News - Usul memang tidak boleh ditolak tanpa ditimbang, namun kalau ngawur – apalagi datang dari politisi di Senayan – sudah pasti tak perlu dilanjutkan. Parahnya lagi, usulan ini berpotensi mengebiri demokrasi, jadi tak usah heran protes berdatangan.

Hal tersebut misalnya jelas terlihat dari gelombang kritik yang datang atas usulan di DPR baru-baru ini.

Dalam agenda rapat kerja Komisi II DPR dengan penyelenggara pemilu dan Kementerian Dalam Negeri, Rabu (15/4/2024), muncul usulan agar penyelenggara pemilu selanjutnya sebaiknya bisa diisi oleh unsur partai politik (parpol). Ide ini dilontarkan Anggota Komisi II dari Fraksi Partai Demokrat, Ongku P Hasibuan.
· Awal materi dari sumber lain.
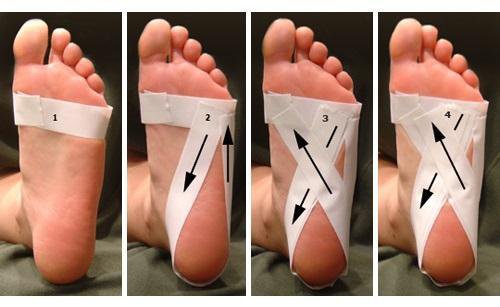 bandage contre la fasciite plantaire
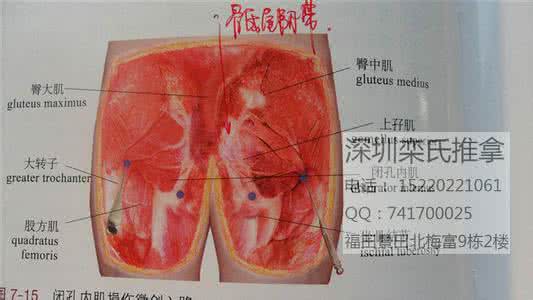 腰突的最佳治疗方法 叶氏治疗腰突十法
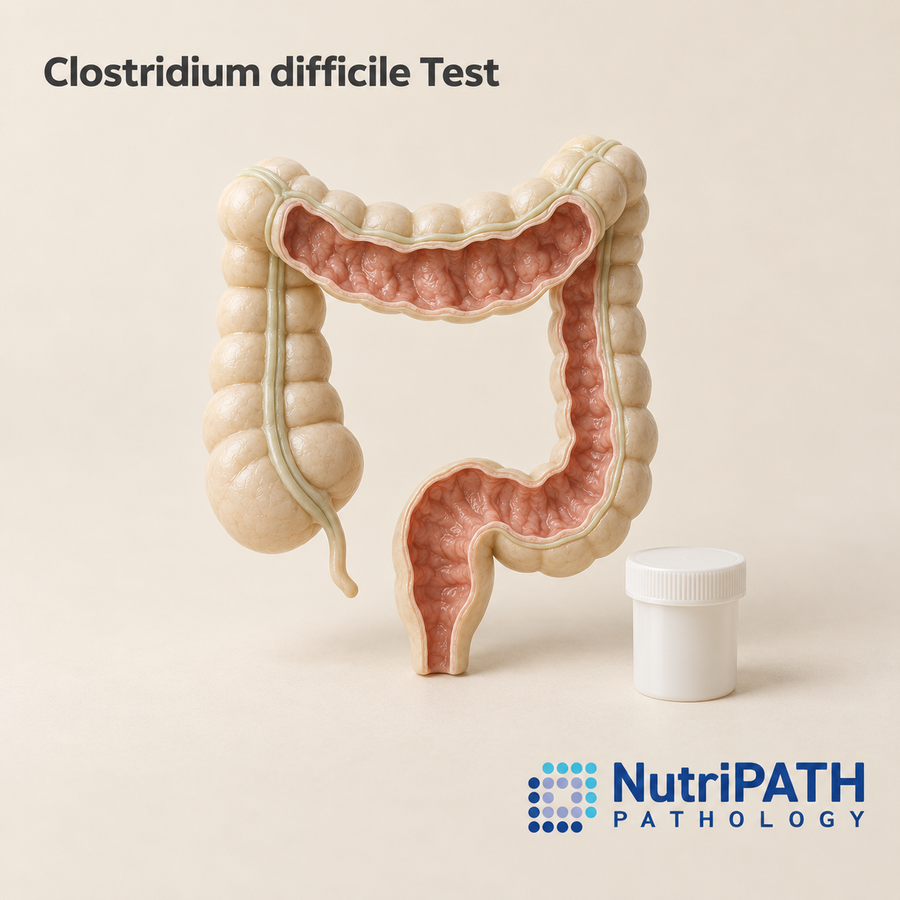 Clostridium difficile Test — original OptiLabs clinical illustration with supplier logo; collection items are illustrative, not the exact supplied kit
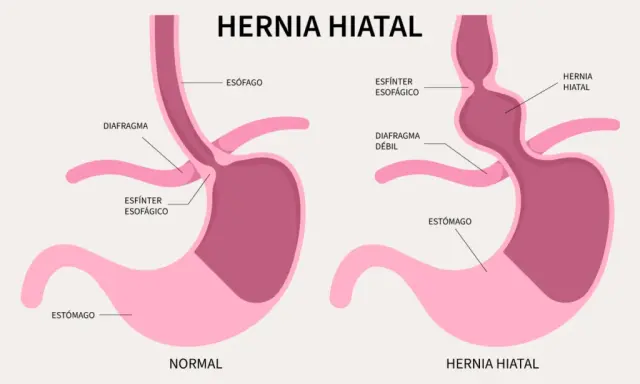 Hernia de hiato: Identifica sus síntomas y cuándo buscar ayuda.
Ongku menilai, ke depan tidak perlu lagi membicarakan soal penyelenggara pemilu yang independen. Menurut dia, anggota KPU dan Bawaslu sebaiknya diisi saja oleh unsur parpol agar bisa saling mengawasi dan hemat biaya karena tidak perlu membentuk panitia seleksi.

Lebih lanjut, dia menilai bahwa toh diduga anggota KPU dan Bawaslu saat ini juga terafiliasi parpol, jadi sekalian saja memang benar-benar diisi oleh unsur parpol. Dengan begitu, saksi pemilu tidak perlu lagi perwakilan dari parpol, karena otomatis sudah ada unsur parpol yang merupakan penyelenggara pemilu.
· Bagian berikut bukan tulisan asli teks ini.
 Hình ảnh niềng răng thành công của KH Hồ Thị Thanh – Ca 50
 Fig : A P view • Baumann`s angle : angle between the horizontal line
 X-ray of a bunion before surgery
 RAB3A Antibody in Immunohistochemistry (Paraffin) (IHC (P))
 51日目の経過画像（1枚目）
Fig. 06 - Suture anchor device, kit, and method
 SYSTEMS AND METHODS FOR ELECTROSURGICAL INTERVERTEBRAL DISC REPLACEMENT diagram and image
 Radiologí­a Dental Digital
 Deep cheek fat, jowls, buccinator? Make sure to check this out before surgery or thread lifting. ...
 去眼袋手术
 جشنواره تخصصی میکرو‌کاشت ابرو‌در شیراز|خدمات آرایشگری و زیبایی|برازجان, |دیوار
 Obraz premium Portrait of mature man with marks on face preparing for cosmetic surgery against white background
“Independen itu cerita kosong. Pelaksanaan di lapangan, independen itu nggak benar-benar independen, karena dia [KPU dan Bawaslu] juga ada kaitan-kaitan dengan organisasi tertentu yang terafiliasi [parpol],” kata Ongku.

“Jadi, masing-masing parpol itu ada utusannya di KPU dan Bawaslu. Jadi, enggak [usah] lah ada pansel-pansel seleksi, itu mahal ongkosnya untuk pansel itu,” lanjut dia.